Concrete Analysis | Far more flats are needed than are planned in the Hong Kong government’s long-term housing strategy
- The soaring real estate prices and unstable housing supply of the past decade is the result of inadequate planning for long-term supply by the government
- The potential land supply for the whole of 2020 is expected to provide capacity about 15,700 units only
According to a Hong Kong government report last year on long-term housing strategy, the target for total housing supply in the next 10 years has been adjusted down from 450,000 to 430,000 units.

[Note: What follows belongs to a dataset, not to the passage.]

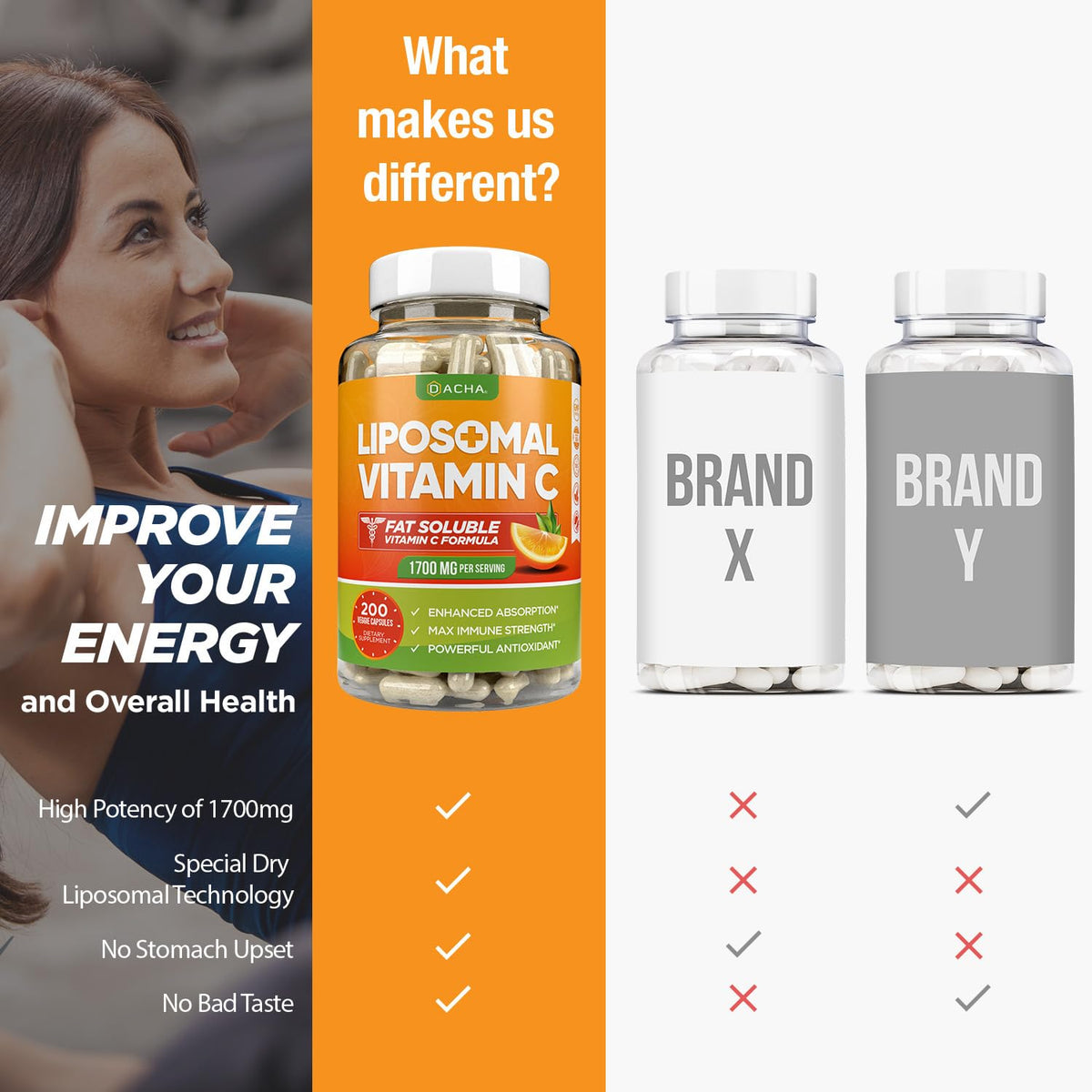 DACHA Vitamine C Liposomale 1700mg capsules sur un fond naturel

The number of private houses within this will fall from 135,000 to 129,000 units.
In other words, the supply of private residential units in the coming decade will be roughly 13,000 per year.
This is undoubtedly bad news for many Hongkongers, who have set home ownership as one of their lifetime goals.
Based on statistics provided by the Transport and Housing Bureau, from 2009 to 2018 the annual number of completed private residential flats was just 13,000, while the latest figures from the Rating and Valuation Department show this figure fell sharply in the last year.
Only 12,925 private flats were completed in the first 11 months of 2019, down 18 per cent from 2018. And that is not to mention the fact around 20,000 to 30,000 flats were completed each year in the 1990s.
It is estimated that there is a shortfall of half a million residential units currently because of the city’s prolonged failure to supply adequate land to meet housing demand.
On February 26, as part of the 2020 budget Hong Kong’s financial secretary announced a land sale programme comprising 15 residential sites, capable of providing about 7,500 residential units. Together with railway property development projects and private development and redevelopment projects, the potential land supply for the whole year is expected to have the capacity of providing about 15,700 units only.